Они расстались друг с другом, и Сет медленно пошел домой, мысленно повторяя один из своих любимых гимнов. Он очень любил гимны.
Dark and cheerless is the morn
Unaccompanied by thee:
Joyless is the day's return
Till thy mercy's beams I see:
Till thou inward light impart,
Glad my eves and warm my heart.
Visit, then, this soul of mine,
Pierce the gloom of sin and grief –
Fill me, Radiancy Divine,
Scatter all my unbelief.
More and more thyself display,
Shining to the perfect day [19] Мрачно и нерадостно утро, несопровождаемое тобою, возвращение дня лишено наслаждения до тех пор, пока я не увижу лучей твоей благости, пока ты не сообщишься мне, внутренний свет, обрадуешь глаза мои и согреешь мою душу. Посети же мою душу, божественная лучезарность, рассей мрак греха и скорби, исполни меня твоего света и рассей все мое неверие. Яви себя ярче и ярче, озаряясь полным днем.
.
Адам пошел гораздо скорее. Если б кто-нибудь ехал по окбурнской дороге при восходе солнца в это утро, тот непременно с удовольствием посмотрел бы на высокого, широкоплечего человека, шедшего так прямо и такою твердою поступью, как воин, и смотревшего веселыми, проницательными глазами на темно-синие горы, которые мало-помалу показывались на его дороге. Редко в жизни Адама его лицо было в такой степени свободно от всякого облачка заботливости, как в это утро; и это отсутствие всякой заботы, как обыкновенно случается с людьми, обладающими таким пытливым, практическим умом, какой был у Адама, еще более заставляло его замечать окружавшие его предметы и искать в них чего-нибудь такого, что могло бы послужить ему материалом для его любимых планов и замысловатых соображений.

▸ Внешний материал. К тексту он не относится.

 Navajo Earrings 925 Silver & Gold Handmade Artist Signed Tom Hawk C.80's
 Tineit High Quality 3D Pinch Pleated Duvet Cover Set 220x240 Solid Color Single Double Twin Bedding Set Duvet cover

Его счастливая любовь, сознание, что он с каждым шагом все более и более приближался к Хетти, которая так скоро будет принадлежать ему, производили на его мысли такое же влияние, какое свежий утренний воздух производил на его чувства: они придавали ему сознание благосостояния, при котором деятельность была наслаждением. По временам его чувства порывались к ней как-то сильнее, и тогда исчезали для него все другие образы, кроме Хетти; вместе с этим он чувствовал чудную благодарность, что все это счастье давалось ему, что наша жизнь на этом свете заключала в себе столько прелести. Наш друг Адам имел набожное сердце, хотя, может быть, и не слишком любил набожные беседы, и его нежность почти была схожа с благоговением, так что трудно было взволновать их отдельно. Но когда чувства его излились таким образом, деловые мысли возвращались с большей силою. В это утро они были направлены на планы, каким образом можно бы улучшить дороги, находившиеся в таком жалком состоянии во всей стране, и на соображение всех выгод, которые могли бы произойти от усилий каждого деревенского джентльмена, если б он вознамерился улучшить пути в своей собственной области.